In the beginning, you said that you didn’t want to talk about your life. I was unsure if this was because you were ashamed of all your years as a mercenary, or if that final battle was simply too painful to remember. But since your life was not to be discussed, we talked about mine instead. You seemed fascinated by it, by
me,
which I couldn’t quite fathom. What could possibly be interesting about life in the monastery? But your eyes lit up when I told you about my scriptorium duties, and you excitedly asked for your clothes. I retrieved them from the cupboard where we’d stored them. Even though they were mostly in tatters, the nuns couldn’t bring themselves to throw out something that didn’t belong to them.

The arrow had cut through the breast of your habergeon and much of the material around it was burnt away, but I could feel something heavy and rectangular in the inside pocket. You pulled out this item, which was wrapped in cloth. The broken shaft was still embedded in its front, with the arrow’s tip just barely emerging from the back. You turned the object over in your hands a few times, amazed that this accidental shield had prevented the arrow from entering more deeply into your chest. After you pulled the arrowhead out, you pressed it into my palm and told me to do with it as I pleased.

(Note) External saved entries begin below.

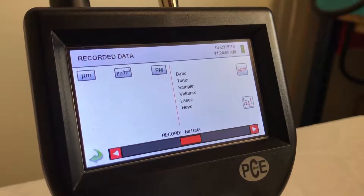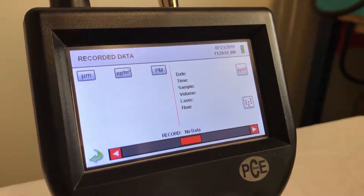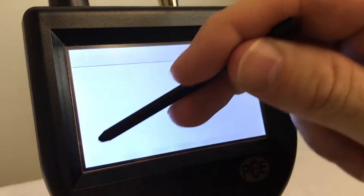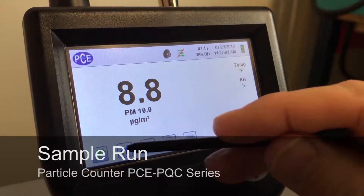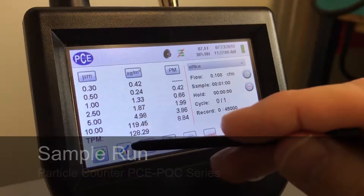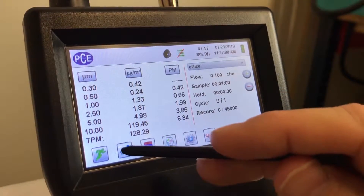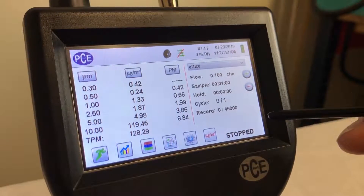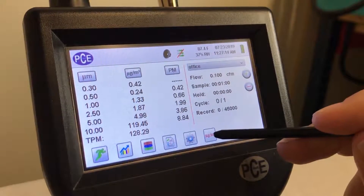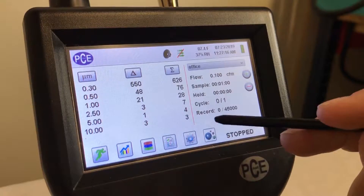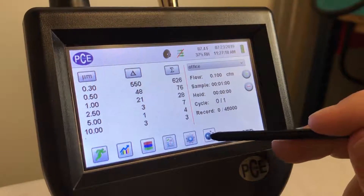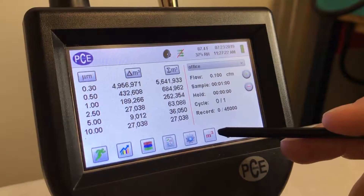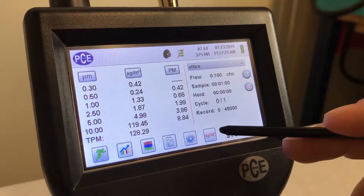Once you make a recorded sample, all the data will be displayed on this screen. And this is what the screen looks like when you're actually running a sample. You can toggle through from cumulative and differential, cubic feet, cubic meter, and your PM.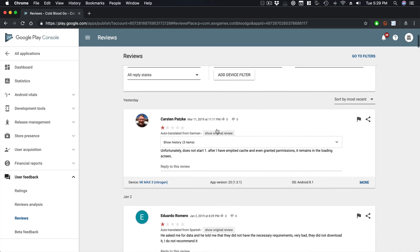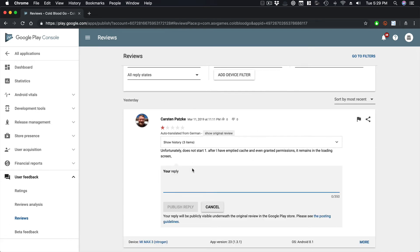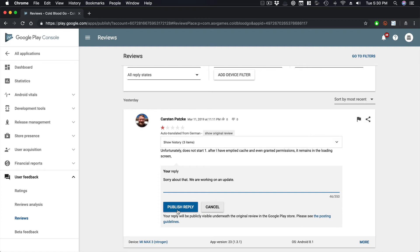Now you can see all the reviews of your app and then easily respond to them. This one says it unfortunately does not start after I've emptied the cache, and even after granting permission it remains on the loading screen. This client hasn't updated the app for a while, so you can leave a reply right here — for example, 'We are working on an update.' You can hit publish and then it will go into the Google Play listing.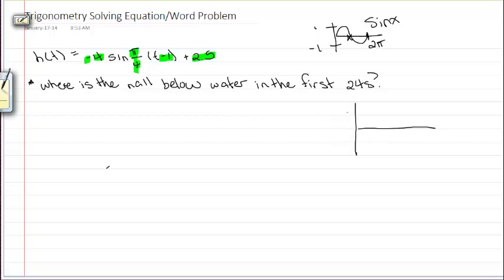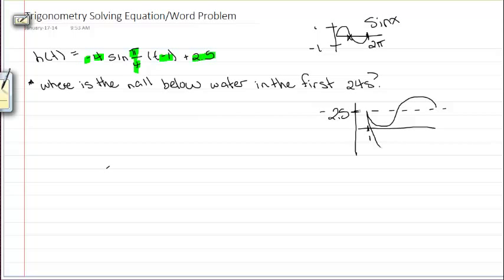Looking at this specific function, I know that my axis is occurring at 2.5. I know that there's a shift to the right by one, so that's where it starts. I know that it's going to go down to the minimum first because of that vertical reflection. And then because it's stretched by 4, it's going to look something a bit more like this. So now I have a general idea of what this actually looks like.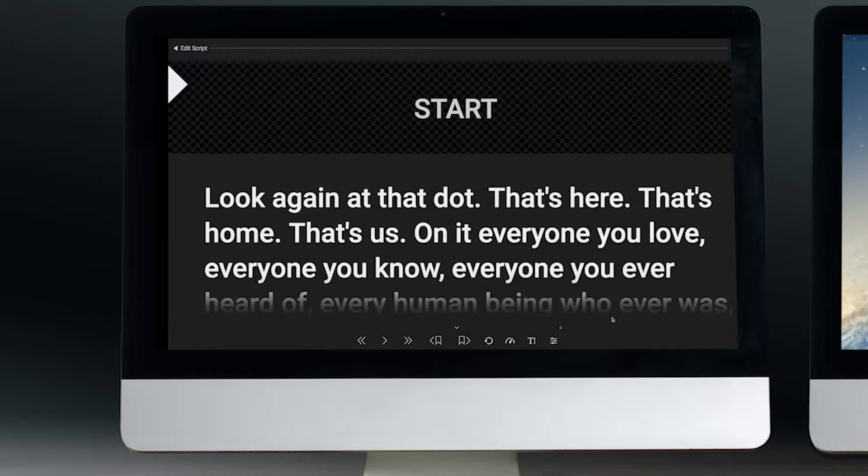This is intended so that you have one fully featured screen for the operator and another clean screen for the talent. Let's take a look.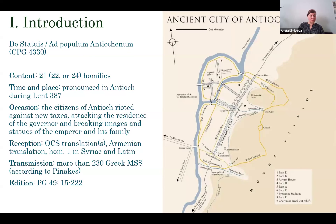The citizens were very frightened, and the bishop went to Constantinople to beg the emperor for mercy, whereas John Chrysostom as a young preacher stayed in Antioch and tried to calm down the population, pronouncing these very interesting homilies. According to the Clavis Patrum Graecorum, apart from the Old Church Slavonic translations there is an Armenian translation of the homilies, and Homily One is found also in Syriac and Latin. I suppose there are also other witnesses of these texts, but I haven't worked with other traditions.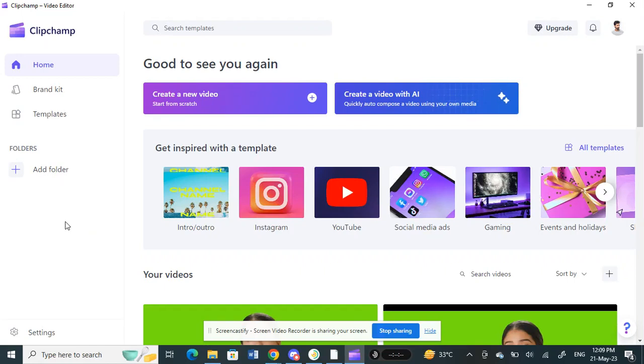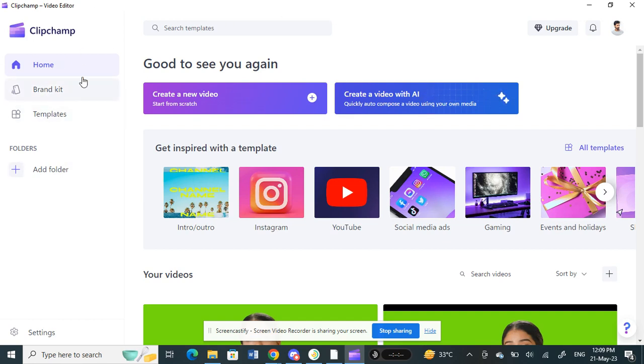Hello everyone, welcome to our channel. Today in this tutorial I'm going to show you how to loop a video in ClipChat. Let's get into the video. Open up the ClipChat application, log into your account, and once you're on your home page, click on create a new video.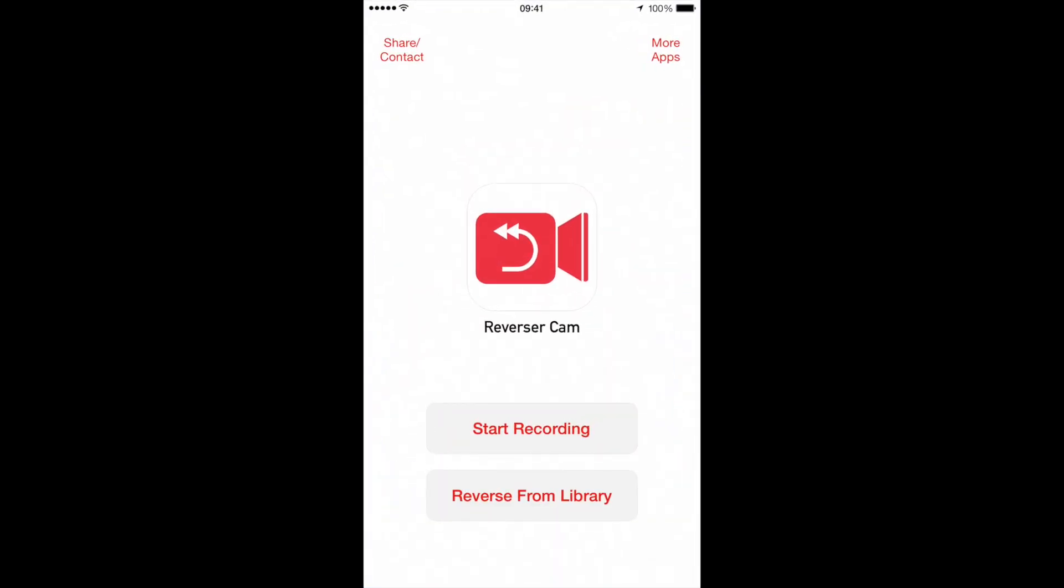And when you open it up, it has two buttons on here: Start recording and reverse from library. The free part of the app actually allows you to just record from the app directly. But in order to reverse any clip in your library, you have to pay 99 cents via an in-app purchase. I found that it actually works pretty well.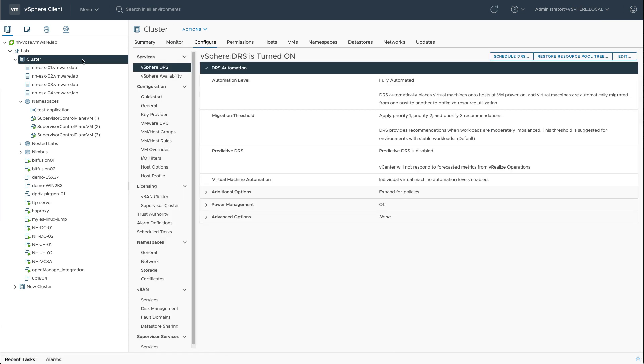In this specific lab environment, I have enabled DRS with the automation level of fully automated, meaning that DRS automatically places and balances workloads across my cluster.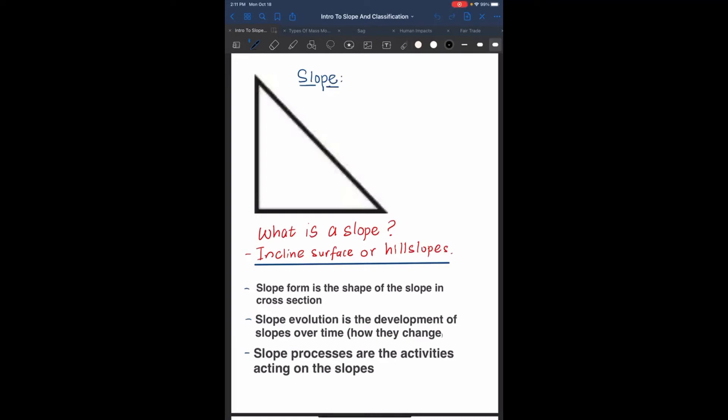What is a slope? A slope is an inclined surface or hill slope. Slope form is just the shape of the slope in cross-section. Slope evolution is the development of slope over time, how the slope changes throughout time. Slope processes are the activities acting along the slope.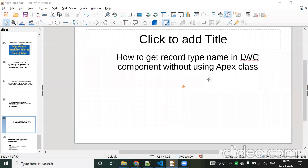Hello everyone. In this video we will discuss how to get the record type name in LWC without using an Apex class. It looks like a very simple thing, but in real time we use it a lot. Most people use an Apex class to get the record type name, but by using a wire method we can also get the record type name.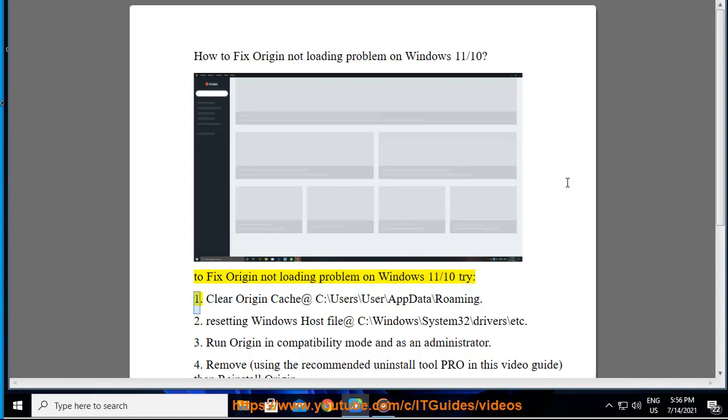Step one: Clear Origin cache. Navigate to C:\Users\user\AppData\Roaming to clear the Origin cache.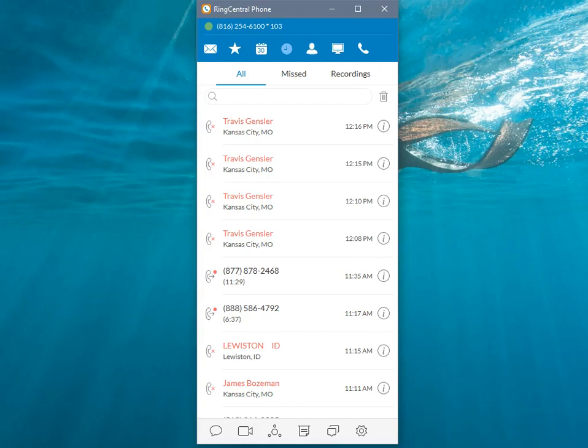Okay, going to set up the RingCentral desktop application so it will trigger and pull up our NowCerts Management System based on the phone number that's calling in.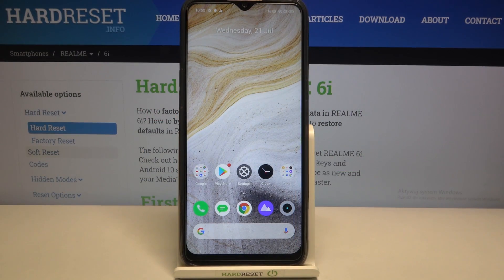Hi everyone, here we've got Realme 6i and let me share with you how to enable Google Backup on this device.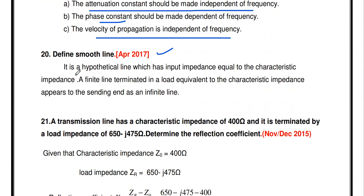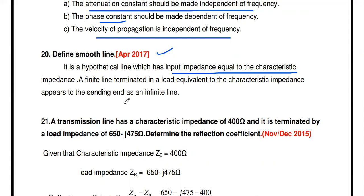Define smooth line. (April 2017 question) A smooth line is a hypothetical line whose input impedance equals its characteristics impedance. A finite transmission line terminated in a load equal to the characteristics impedance appears to the sending end as an infinite line — this is the smooth line. A smooth line is also a transmission line without any distortion or power loss.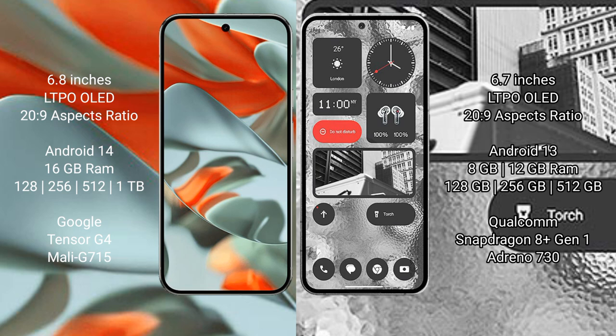Nothing Phone 2 comes with 8 GB, 12 GB RAM and 128 GB, 256 GB, 512 GB internal storage with Qualcomm Snapdragon 8+ Gen 1 processor and Adreno 730 GPU.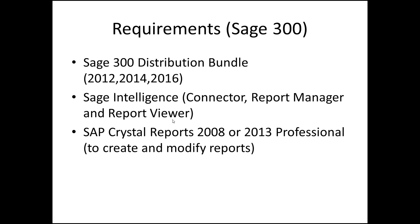So, in order to do this, here's some things you need to have. You need to have one version of Sage 300, obviously, 2012, 2014, and 2016. I have not tested this for Sage 300 C, so I can't speak to that, although it would support it the same back-end database and engine. You will need Sage Intelligence, the connector, the manager, and the reviewer, if you want to tweak and do more things with the landed cost fields and how you use them. However, you can also just use Report Management Viewer, the connector has the fields already. The third thing, if you want to modify reports, you've got to have some version of Crystal Reports Professional, either 2008 or 2013, and it's backwards compatible, so it doesn't matter.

I did not even have to think on the matter; I said instantly that I knew what I would do with it.

“And what is that?”

“I will return it to you,” I answered, “after I have asked Father Sunder to bless it. Then your chest can accept it as protection rather than an assault.”

“I look forward to that day,” you said as you handed over the parcel. “I got this from a dead man.”

I unwrapped it, revealing a hand-copied book with scorched edges that left charcoal on my fingertips. How, I wondered, could the book have remained undevoured by the flames?

I held it against your chest, and it lined up perfectly with your burns. The patch of unburnt skin was exactly where the book had been pinned to you by the arrow, and this also explained the small cut in the middle of that unburned rectangle.

I flipped through the book, noticing that the cut on the pages became smaller the deeper I went, and I asked you about the dead man. You answered, “We had two Italians in our ranks. One was killed in battle, a good man named Niccolò. The book was his.”